What are the underlying immune responses in asthma exacerbations?

The study examined four significant nasal gene expression modules that contribute to exacerbation, in comparison to those that do not lead to an exacerbation. The modules studied included the “upregulation of multiple respiratory epithelia–, squamous–, and eosinophil–associated responses and downregulation of lymphocyte-associated responses as molecular mechanisms in events that lead to asthma."1

An interesting finding was that the absence of type 2 inflammation in the airways corresponded with a viral cold resolving without the development of an asthma exacerbation. There is a distinct set of respiratory epithelium and inflammatory cell pathways involved in virus-associated epithelium and inflammatory cell pathways involved in virus-associated exacerbations in contrast to the predominantly squamous cell pathways underlying nonviral exacerbations.1

Other fun facts

The study also looks at the expression of these modules being expressed in the absence of viral triggers.

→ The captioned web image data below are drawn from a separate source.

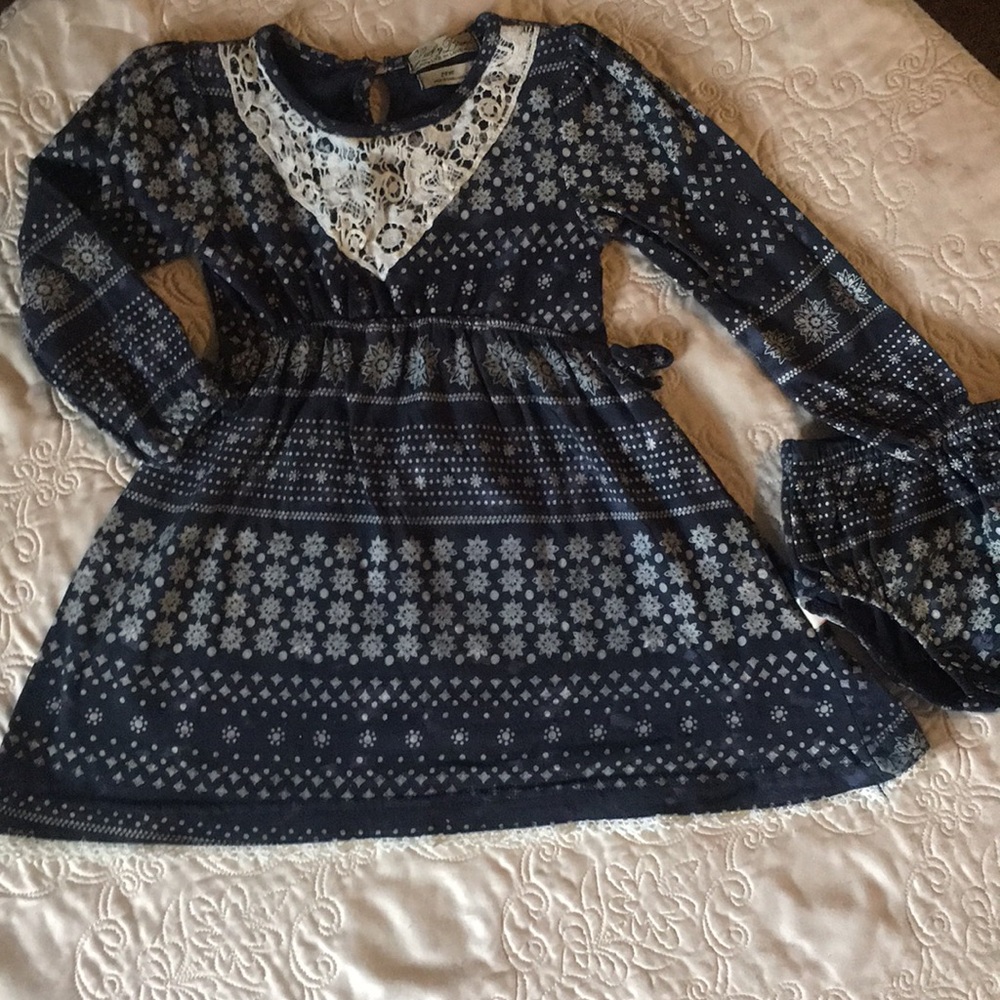 Lucky Brand-little girls dress and bloomers
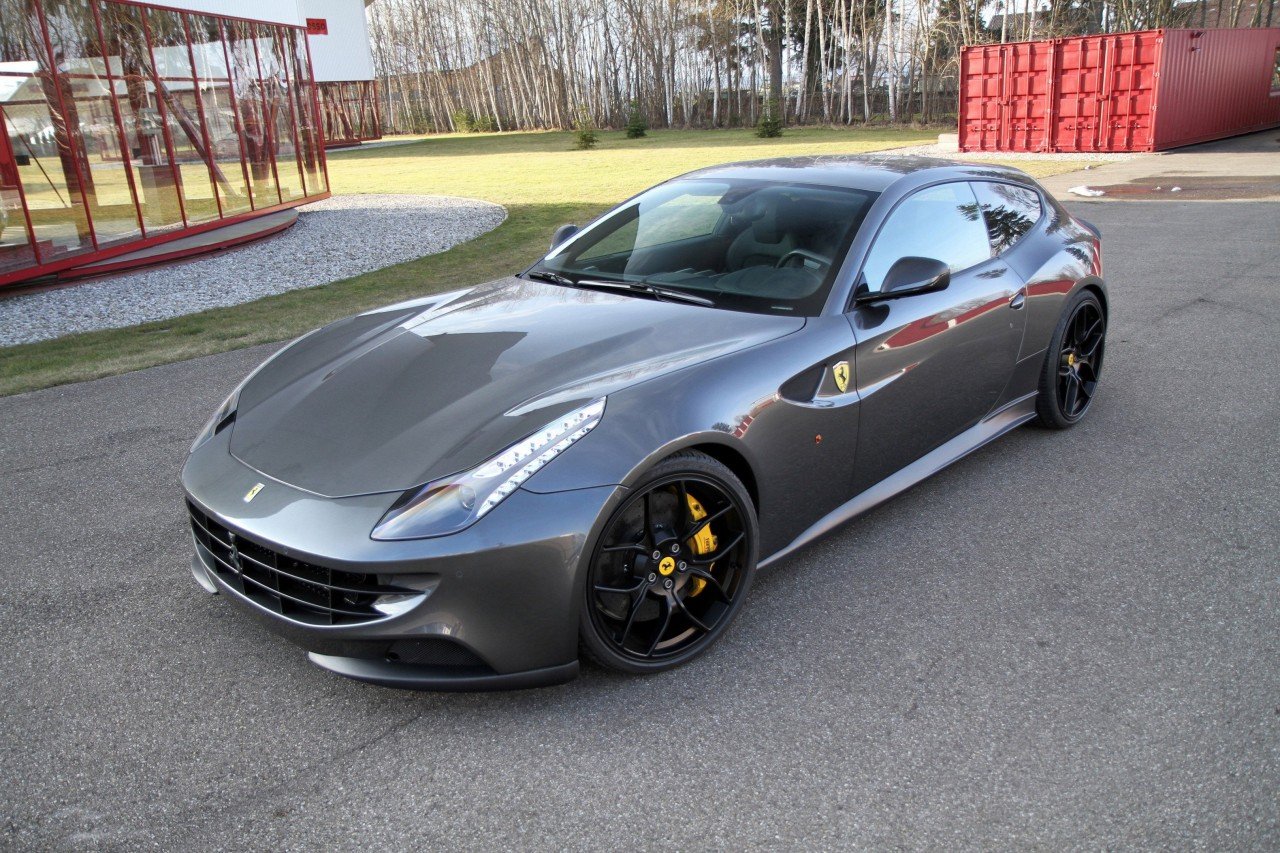Check our price and buy Novitec carbon fiber body kit set for Ferrari FF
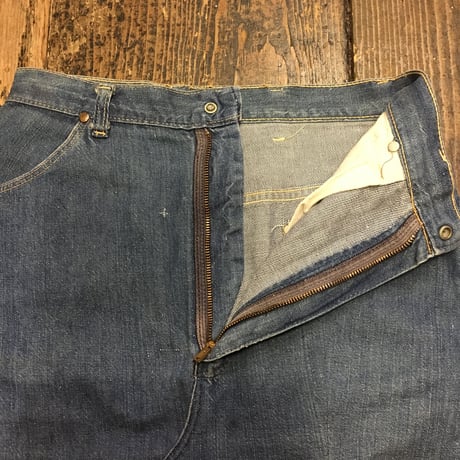 [USED] vintage Wrangler DENIM MINI SKIRT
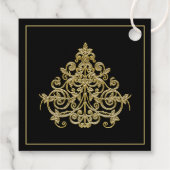 ギルドエレガンスメッセージカード フェイバータグ (裏面)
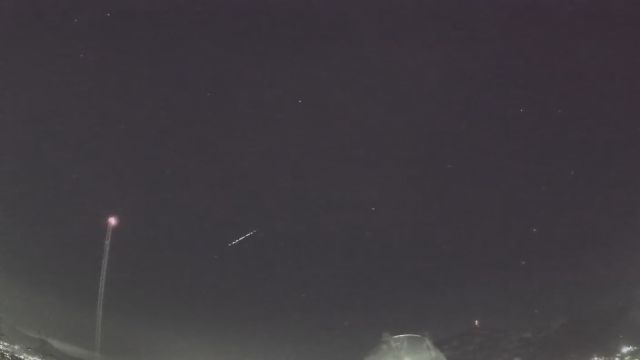 AMS222 meteor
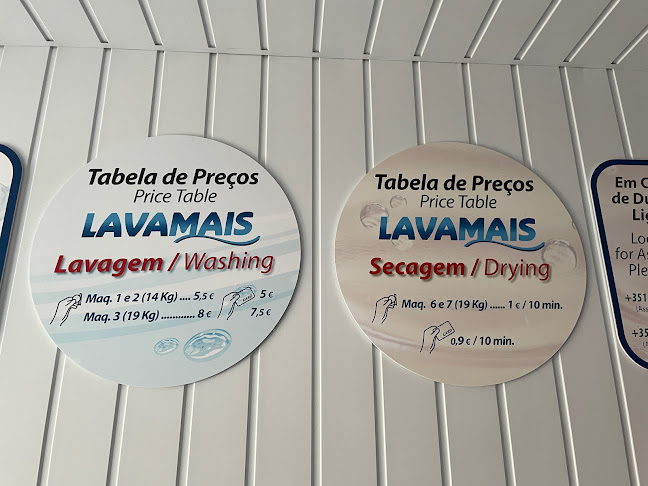 Lavandaria LavaMais, Laundry LavaMais - Lavandería
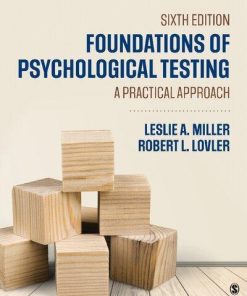 Foundations Of Psychological Testing A Practical Approach 6Th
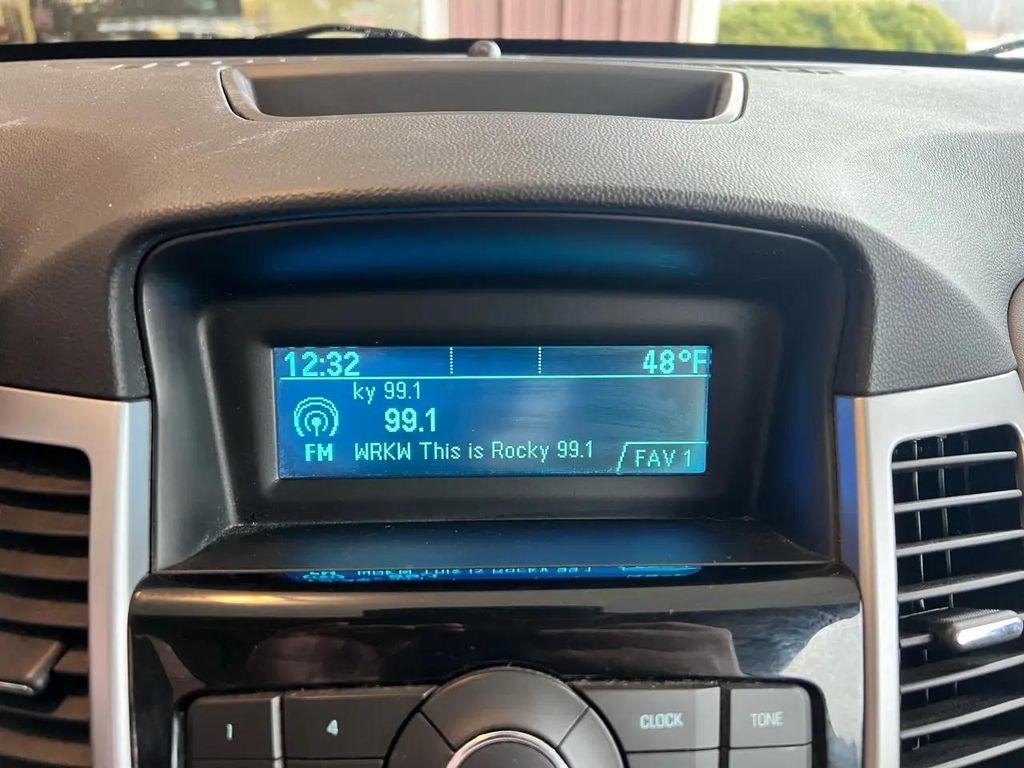 used 2012 Chevrolet Cruze car, priced at $6,995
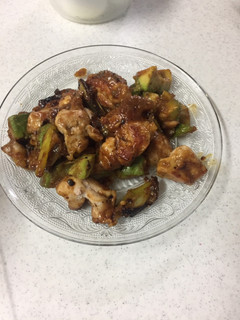 鶏肉とアボカドの照り焼き-レシピのメイン写真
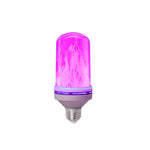 Ampoule à Flamme LED avec Effet de Détection de Gravité
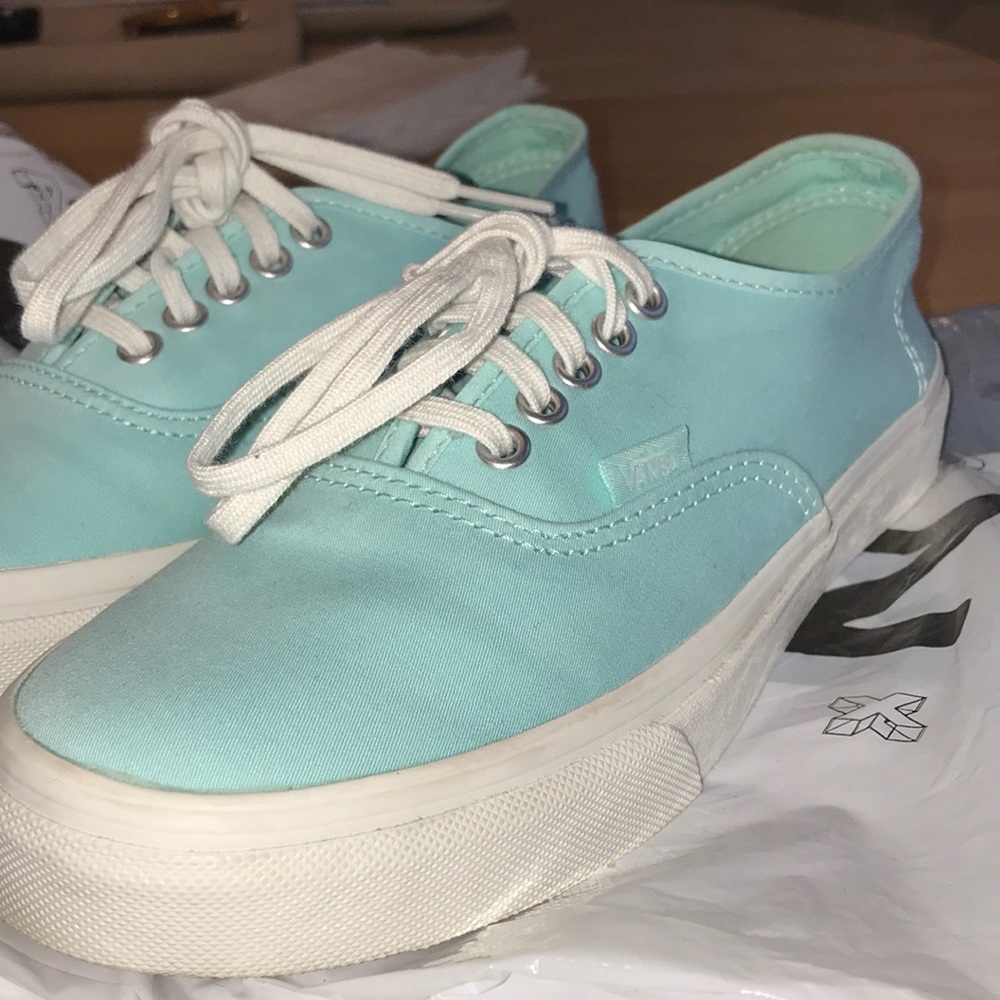 Surf Blue Factory Authentic Original Vans - Picture 4 of 4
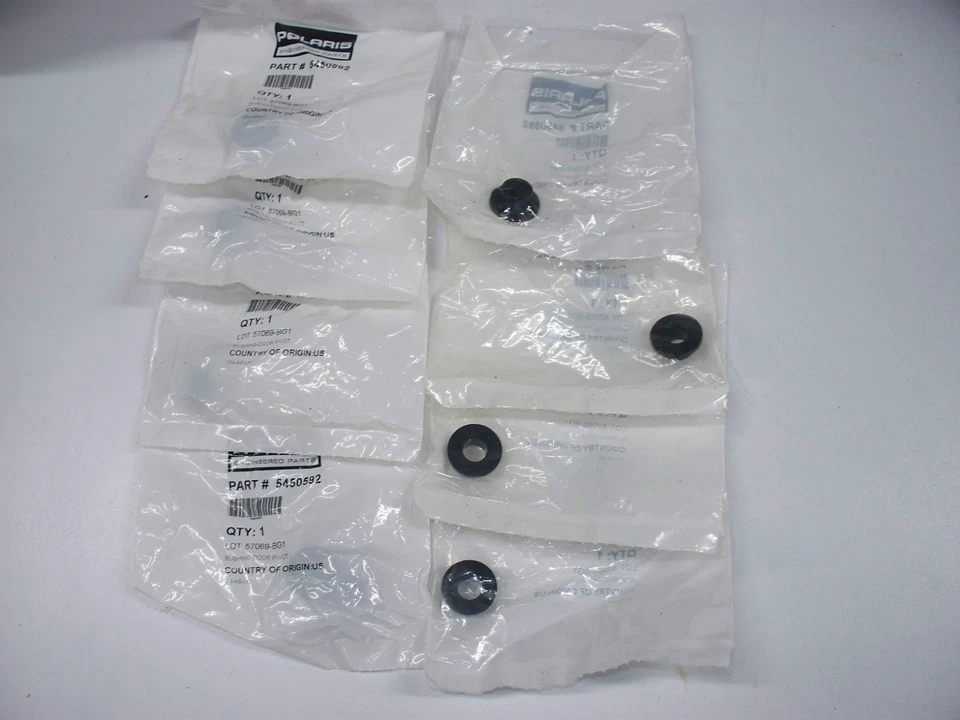 Polaris UTV SXS 14-2026 RZR ACE Ranger Door Pivot Bushing LOT QTY 8 OEM 5450592 - Image 1 of 1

They demonstrated that high type 2 inflammation and low type I IFN response gene expression in nasal samples at baseline predicts short-term exacerbation risk, building on previous results showing that nasal IL13 expression is associated with exacerbation likelihood.2

What has been your experience with colds and exacerbations been? Have you always had one that led to the other? I would love to hear about your experience.

This article represents the opinions, thoughts, and experiences of the author; none of this content has been paid for by any advertiser. The team does not recommend or endorse any products or treatments discussed herein. Learn more about how we maintain editorial integrity here.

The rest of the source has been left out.